Nel contesto francese, la normativa penitenziaria ha predisposto una struttura organizzata simile a quella Svizzera. Gli artt. 35 e 36 della Loi 2009-1436 du 24 novembre 2009 pènitentiaire hanno agevolato significativamente la tutela dei rapporti: tale legge prevede la costruzione da parte dell'Amministrazione penitenziarie di apposite strutture chiamiate le Unitès de Vie Familiale e i Parloirs familiaux per lo svolgimento delle visite.
In particolare, le Unitès de Vie Familiale sono piccoli appartamenti (con una o due stanze da letto, un bagno ed una zona cucina), separati dalle sezioni detentive ma all'interno del perimetro penitenziario, dove i detenuti possono ricevere il compagno o l'intera famiglia per una durata di tempo che varia dalle 6 alle 72 ore.
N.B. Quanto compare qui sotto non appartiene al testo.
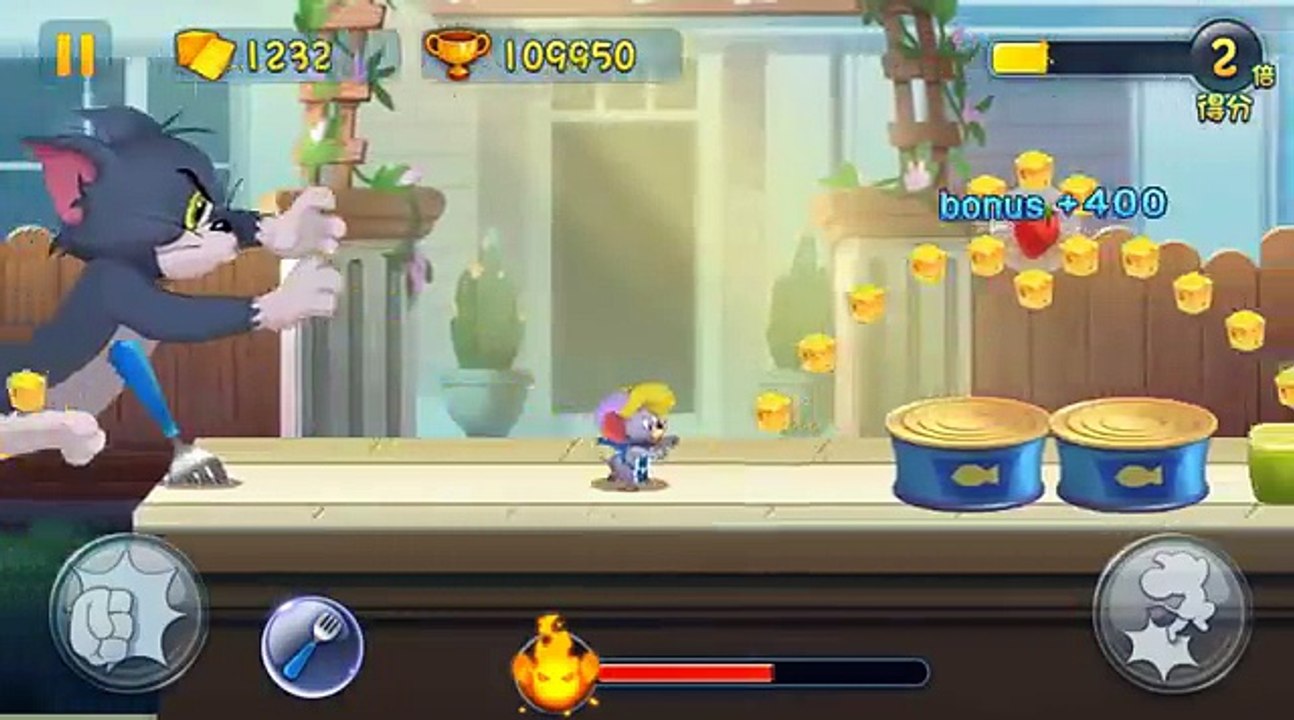 Tom And Jerry Run Toodles Galore Endless Run Highest Score Challenge!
Le Parloirs familiaux sono invece delle stanze, da predisporsi negli istituti penitenziari ove – per le caratteristiche strutturali – non è possibile realizzare le Unitès de Vie Familiale. Al loro interno i detenuti possono ricevere la visita del partner o di altri membri della famiglia per una durata massima di 6 ore.
In questo contesto internazionale, già abbondantemente “avanti” rispetto alla nostra arcaica situazione normativa, ci si augura che, presto o tardi, il Legislatore possa intervenire con disposizioni che proiettino la tutela dell'affettività e sessualità del detenuto ad un equo riconoscimento giuridico.